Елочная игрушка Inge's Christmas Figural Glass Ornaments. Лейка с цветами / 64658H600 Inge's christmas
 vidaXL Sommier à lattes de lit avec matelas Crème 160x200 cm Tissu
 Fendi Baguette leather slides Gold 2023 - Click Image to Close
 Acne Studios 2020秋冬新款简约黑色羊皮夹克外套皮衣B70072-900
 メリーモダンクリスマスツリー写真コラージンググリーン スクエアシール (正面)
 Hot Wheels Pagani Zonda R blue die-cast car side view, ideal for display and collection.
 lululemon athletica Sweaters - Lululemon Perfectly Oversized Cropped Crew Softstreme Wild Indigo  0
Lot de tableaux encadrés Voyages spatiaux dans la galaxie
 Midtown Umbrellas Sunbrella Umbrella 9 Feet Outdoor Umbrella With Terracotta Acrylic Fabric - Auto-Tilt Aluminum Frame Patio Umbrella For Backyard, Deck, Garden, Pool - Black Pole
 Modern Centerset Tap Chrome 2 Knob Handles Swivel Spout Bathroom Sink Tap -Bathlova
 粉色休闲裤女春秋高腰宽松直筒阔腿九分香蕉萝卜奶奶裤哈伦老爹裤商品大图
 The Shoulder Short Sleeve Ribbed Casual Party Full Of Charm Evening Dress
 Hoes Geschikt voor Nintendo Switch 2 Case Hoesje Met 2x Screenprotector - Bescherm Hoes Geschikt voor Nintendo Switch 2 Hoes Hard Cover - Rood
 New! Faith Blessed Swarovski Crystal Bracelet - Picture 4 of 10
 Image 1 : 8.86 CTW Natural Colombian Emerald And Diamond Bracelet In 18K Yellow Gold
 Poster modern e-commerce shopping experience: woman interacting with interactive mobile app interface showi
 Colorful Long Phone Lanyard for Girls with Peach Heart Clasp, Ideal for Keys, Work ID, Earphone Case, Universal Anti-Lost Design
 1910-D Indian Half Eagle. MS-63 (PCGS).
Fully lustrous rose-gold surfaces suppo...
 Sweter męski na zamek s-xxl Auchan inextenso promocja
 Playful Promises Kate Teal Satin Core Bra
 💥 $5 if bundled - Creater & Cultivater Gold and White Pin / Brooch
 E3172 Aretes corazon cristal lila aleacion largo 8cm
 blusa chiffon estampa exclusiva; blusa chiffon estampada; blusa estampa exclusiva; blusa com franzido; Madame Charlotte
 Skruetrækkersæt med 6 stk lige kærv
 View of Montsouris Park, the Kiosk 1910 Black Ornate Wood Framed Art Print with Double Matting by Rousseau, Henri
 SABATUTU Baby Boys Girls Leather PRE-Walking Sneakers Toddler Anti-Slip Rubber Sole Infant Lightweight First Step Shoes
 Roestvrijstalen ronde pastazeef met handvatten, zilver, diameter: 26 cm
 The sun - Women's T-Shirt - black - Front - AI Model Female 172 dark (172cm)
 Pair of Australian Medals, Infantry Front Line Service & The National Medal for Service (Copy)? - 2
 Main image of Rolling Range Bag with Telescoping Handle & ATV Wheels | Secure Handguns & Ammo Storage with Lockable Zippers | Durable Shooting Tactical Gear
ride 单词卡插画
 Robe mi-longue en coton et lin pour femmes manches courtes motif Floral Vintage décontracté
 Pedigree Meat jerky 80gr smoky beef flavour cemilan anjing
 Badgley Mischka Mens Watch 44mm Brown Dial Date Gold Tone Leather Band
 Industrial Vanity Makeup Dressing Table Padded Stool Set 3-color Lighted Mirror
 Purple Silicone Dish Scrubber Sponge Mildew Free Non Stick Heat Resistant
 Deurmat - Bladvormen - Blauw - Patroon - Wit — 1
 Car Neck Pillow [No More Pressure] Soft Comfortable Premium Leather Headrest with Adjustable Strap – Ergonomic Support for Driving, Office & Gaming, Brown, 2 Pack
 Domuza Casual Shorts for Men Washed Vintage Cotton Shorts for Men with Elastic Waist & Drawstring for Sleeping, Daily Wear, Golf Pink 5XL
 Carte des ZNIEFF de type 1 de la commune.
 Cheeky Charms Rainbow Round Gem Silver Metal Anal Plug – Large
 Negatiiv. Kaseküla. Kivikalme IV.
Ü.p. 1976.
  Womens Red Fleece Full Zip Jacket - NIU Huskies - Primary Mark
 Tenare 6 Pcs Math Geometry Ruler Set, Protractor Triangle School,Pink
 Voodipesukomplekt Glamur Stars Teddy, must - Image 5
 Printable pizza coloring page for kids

#### Required work
Return, exactly as they stand, the lines from the start of the records above through the line with "メリーモダンクリスマスツリー写真コラージンググリーン スクエアシール (正面)", both ends included, and no other lines.

#### Answer section
Елочная игрушка Inge's Christmas Figural Glass Ornaments. Лейка с цветами / 64658H600 Inge's christmas
 vidaXL Sommier à lattes de lit avec matelas Crème 160x200 cm Tissu
 Fendi Baguette leather slides Gold 2023 - Click Image to Close
 Acne Studios 2020秋冬新款简约黑色羊皮夹克外套皮衣B70072-900
 メリーモダンクリスマスツリー写真コラージンググリーン スクエアシール (正面)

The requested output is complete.